Akar masalah rusaknya moral anak negeri
yang begitu memprihatinkan sesungguhnya berawal dari penerapan sistem sekuler
di negeri ini yang kemudian memisahkan peran agama dari kehidupan. Hal ini
menjadikan nilai benar-salah tidak lagi berlandaskan akidah. Asas ini
selanjutnya melahirkan paham liberal yang mengagung-agungkan ide-ide kebebasan
yakni kebebasan berakidah, berpendapat, berkepemilikan, dan bertingkah laku.
Paham liberal inilah yang semakin memarjinalkan aturan-aturan agama dan
menjadikan hawa nafsu sebagai standar kebenaran di tengah-tengah umat.
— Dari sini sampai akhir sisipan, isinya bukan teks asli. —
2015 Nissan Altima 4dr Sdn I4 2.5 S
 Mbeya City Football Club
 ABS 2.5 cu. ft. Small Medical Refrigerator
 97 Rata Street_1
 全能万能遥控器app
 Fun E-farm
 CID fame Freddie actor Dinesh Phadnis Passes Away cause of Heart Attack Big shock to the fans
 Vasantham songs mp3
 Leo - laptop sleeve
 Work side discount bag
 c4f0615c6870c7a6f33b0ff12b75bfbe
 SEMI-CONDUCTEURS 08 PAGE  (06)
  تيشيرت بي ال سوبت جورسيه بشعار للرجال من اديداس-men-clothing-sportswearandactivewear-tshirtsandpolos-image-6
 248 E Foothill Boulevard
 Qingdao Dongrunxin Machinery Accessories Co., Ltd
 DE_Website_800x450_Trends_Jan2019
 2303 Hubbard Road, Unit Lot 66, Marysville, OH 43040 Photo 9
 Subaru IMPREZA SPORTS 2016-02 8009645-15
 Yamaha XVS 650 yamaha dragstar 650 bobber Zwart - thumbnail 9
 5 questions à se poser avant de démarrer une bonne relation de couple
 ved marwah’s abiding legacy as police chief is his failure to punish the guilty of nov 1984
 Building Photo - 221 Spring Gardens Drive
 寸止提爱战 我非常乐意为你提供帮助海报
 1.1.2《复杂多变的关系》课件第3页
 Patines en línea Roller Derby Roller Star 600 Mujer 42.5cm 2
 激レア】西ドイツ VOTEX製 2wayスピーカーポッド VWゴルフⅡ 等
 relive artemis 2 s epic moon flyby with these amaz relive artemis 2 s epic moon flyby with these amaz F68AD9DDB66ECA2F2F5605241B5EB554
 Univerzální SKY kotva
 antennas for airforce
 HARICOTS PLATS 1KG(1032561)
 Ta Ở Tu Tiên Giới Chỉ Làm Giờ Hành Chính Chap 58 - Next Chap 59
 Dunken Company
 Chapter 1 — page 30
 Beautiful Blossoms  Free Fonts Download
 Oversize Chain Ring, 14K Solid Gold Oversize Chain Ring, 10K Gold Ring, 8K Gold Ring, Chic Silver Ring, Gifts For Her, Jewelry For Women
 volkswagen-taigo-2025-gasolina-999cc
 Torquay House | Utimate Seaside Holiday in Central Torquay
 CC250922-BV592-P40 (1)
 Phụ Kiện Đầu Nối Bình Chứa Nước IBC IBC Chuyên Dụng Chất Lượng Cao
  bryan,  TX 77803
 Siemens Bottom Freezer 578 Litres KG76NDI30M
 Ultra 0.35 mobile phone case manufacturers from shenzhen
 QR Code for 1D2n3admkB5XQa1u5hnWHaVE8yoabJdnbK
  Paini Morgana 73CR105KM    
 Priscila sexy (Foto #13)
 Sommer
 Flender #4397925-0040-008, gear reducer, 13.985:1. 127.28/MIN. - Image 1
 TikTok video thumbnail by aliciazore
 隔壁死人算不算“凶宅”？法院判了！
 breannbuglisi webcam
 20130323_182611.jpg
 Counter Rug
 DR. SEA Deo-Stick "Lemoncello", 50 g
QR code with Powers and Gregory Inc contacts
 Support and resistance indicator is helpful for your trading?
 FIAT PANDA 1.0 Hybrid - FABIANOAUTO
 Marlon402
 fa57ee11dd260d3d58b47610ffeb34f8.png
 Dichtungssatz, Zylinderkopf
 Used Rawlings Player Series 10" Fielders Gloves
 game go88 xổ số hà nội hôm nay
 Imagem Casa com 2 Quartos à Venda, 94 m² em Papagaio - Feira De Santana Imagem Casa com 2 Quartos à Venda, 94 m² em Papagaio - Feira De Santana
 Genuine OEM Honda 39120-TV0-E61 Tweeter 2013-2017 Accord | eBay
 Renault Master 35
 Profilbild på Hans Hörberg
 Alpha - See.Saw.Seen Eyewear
Celakanya, sekolah yang seharusnya
bertindak sebagai institusi pendidikan justru gagal mencetak anak-anak generasi
emas yang memiliki kepribadian kuat. Banyak dari mereka yang justru menjadi
generasi strawberry yang dibayangi mental illness (gangguan
mental/jiwa). Kurikulum yang diterapkan di dalam sistem kapitalisme negeri ini
hanya mampu mencetak anak-anak 'pintar' yang pandai berhitung dan menghafal
tetapi minim adab dan empati. Hal semacam ini wajar saja terjadi karena memang
di dalam sistem pendidikan kapitalistik, anak-anak negeri difokuskan
pendidikannya untuk menjadi para pekerja di dalam industri yang mampu
menghasilkan cuan bagi kaum borjuis. Sedangkan nilai-nilai Islam tidak banyak
diperhitungkan dan bahkan disepelekan.
Dari sini terlihat jelas bahwa maraknya
kejahatan anak adalah buah dari penerapan sistem kapitalisme-sekuler-liberal
yang rusak dan merusak, menggiring manusia pada keburukan dan kenestapaan tanpa
pandang bulu. Menekan angka kejahatan anak pun tidak bisa hanya dengan
memberikan pidana kurungan yang nantinya bisa diremisi sewaktu-waktu oleh
penguasa dengan dalih pengurangan biaya makan tahanan. Karena sesungguhnya yang
dibutuhkan negeri ini adalah sistem Islam yang secara menyeluruh menjamin
penanaman akidah Islam baik di ruang lingkup keluarga, sektor pendidikan,
masyarakat, hingga bernegara. Ditambah dengan sistem sanksi yang tegas sesuai
dengan hukum-hukum Allah, yang diberlakukan bagi setiap mukalaf yakni orang
yang berakal sehat, baligh dan punya daya pilih meski berusia di bawah 18 tahun.
Oleh karenanya diperlukan peran negara
dalam mewujudkan kehidupan Islam kafah di tengah-tengah umat dengan
mencampakkan sistem rusak kapitalisme-sekuler-liberal, dan bersegera
menggantinya dengan sistem Islam. Negara pun harus berperan aktif dalam membentengi
masyarakat dari masuknya pemikiran-pemikiran busuk yang banyak ditemui di dunia
maya. Selain itu, sistem sanksi Islam yang tegas dan menjerakan akan menjadi
benteng pertahanan umat dalam mencegah dirinya dari perbuatan maksiat dan
kemaksiatan. Dan semua itu hanya akan terwujud dalam negara yang menjalankan
sistem Islam kafah dalam wadah Khilafah Islamiyah yang sesuai dengan manhaj
kenabian. Wallahu a’lam bi ash-shawab.